By  Storyboard18Aug 18, 2025 9:43 AM
CBDT seeks crypto industry views on need for new law governing digital assets
There is also no clear legal position under the RBI framework or the Foreign Exchange Management Act (FEMA) on whether Indian residents can legally trade on offshore cryptocurrency exchanges.

The Central Board of Direct Taxes (CBDT) has reportedly begun consultations with cryptocurrency industry stakeholders on whether India requires a new, dedicated law to govern virtual digital assets (VDAs).

The move comes amid persistent ambiguities in taxation, banking access, and foreign exchange regulations for crypto traders and investors.

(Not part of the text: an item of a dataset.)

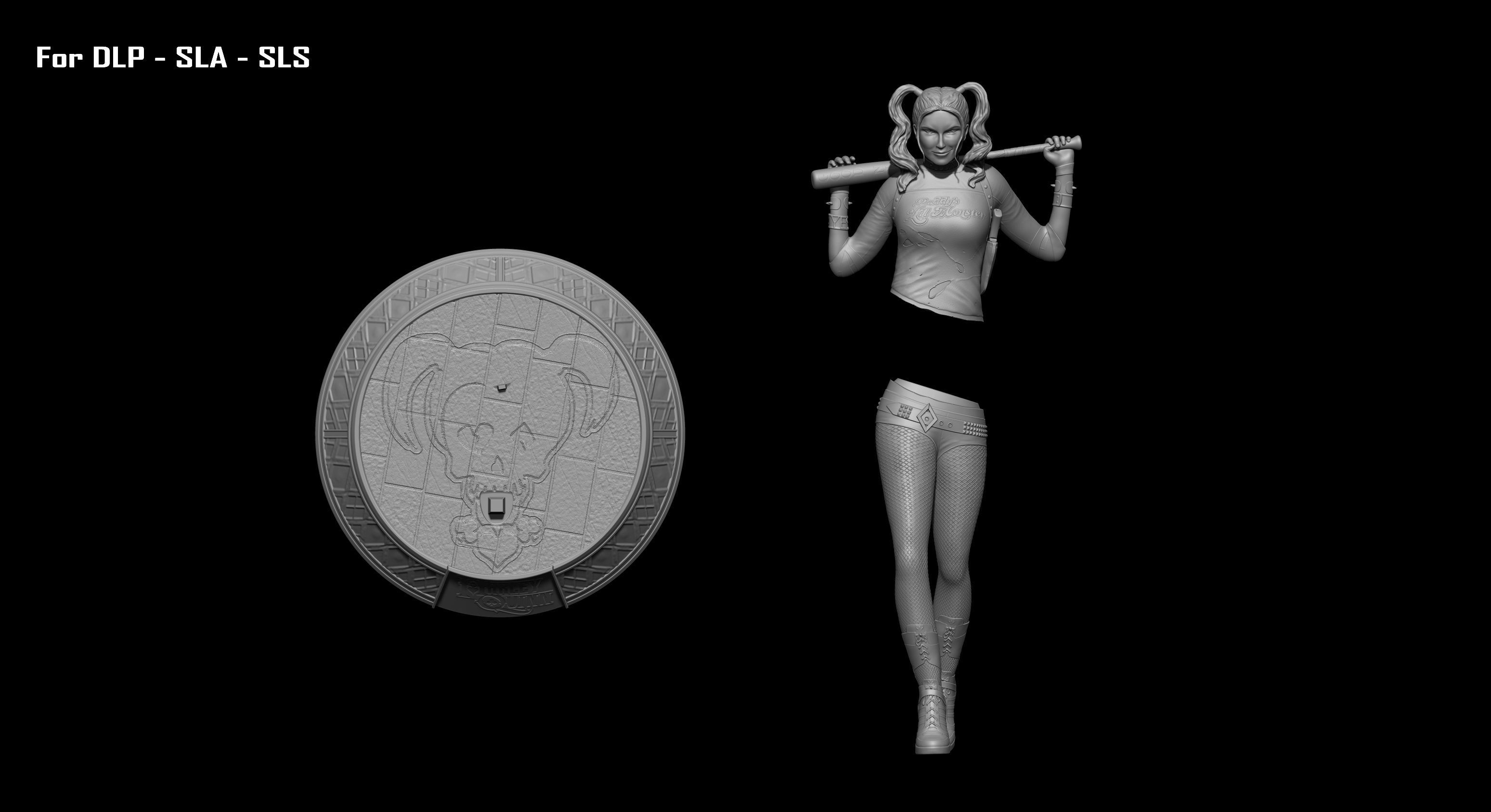 Harley Quinn Suicide Squad file STL-OBJ For 3D printer 3D print model_16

Currently, income from trading or investing in cryptocurrencies is taxed at a flat 30% under India’s Income Tax Act, a rate significantly higher than the long-term capital gains tax on equities.

In addition, losses from one crypto asset cannot be offset against profits from another, leaving traders with limited avenues to reduce their tax burden.

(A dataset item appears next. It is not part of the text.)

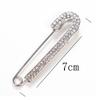 Sweet Lady Large Safety Pins Brooch Vintage Crystal Rhinestone Pin Chic Femme Fashion Brooches Pin Party Jewelry Accessories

Adding to the challenges, many banks have been reluctant to open dedicated accounts for crypto transactions, wary of the Reserve Bank of India’s (RBI) repeated cautionary statements about VDAs.

There is also no clear legal position under the RBI framework or the Foreign Exchange Management Act (FEMA) on whether Indian residents can legally trade on offshore cryptocurrency exchanges.

Crypto platforms have reportedly also been asked by the CBDT if the 1% tax-deducted-at-source (TDS) on every sale was too high, what should be the preferred TDS rate and why, and whether traders should be allowed to set off VDA losses to make the levy more equitable.

India has so far avoided outright banning cryptocurrencies, but regulation has largely been shaped through taxation and compliance measures rather than a comprehensive legal framework. In 2022, the Union Budget introduced a tax regime for VDAs, which included the 30% flat tax on gains and 1% tax deducted at source (TDS) on transactions, aimed at improving traceability.

However, industry players have argued that this structure has discouraged domestic trading and driven volumes to overseas platforms. Several petitions have also reached courts questioning the constitutional validity of the 30% tax and restrictions on offsetting losses.

Globally, countries are moving towards more detailed crypto-specific legislation. The European Union recently rolled out its Markets in Crypto-Assets (MiCA) regulation, while the US is debating stricter compliance rules for exchanges.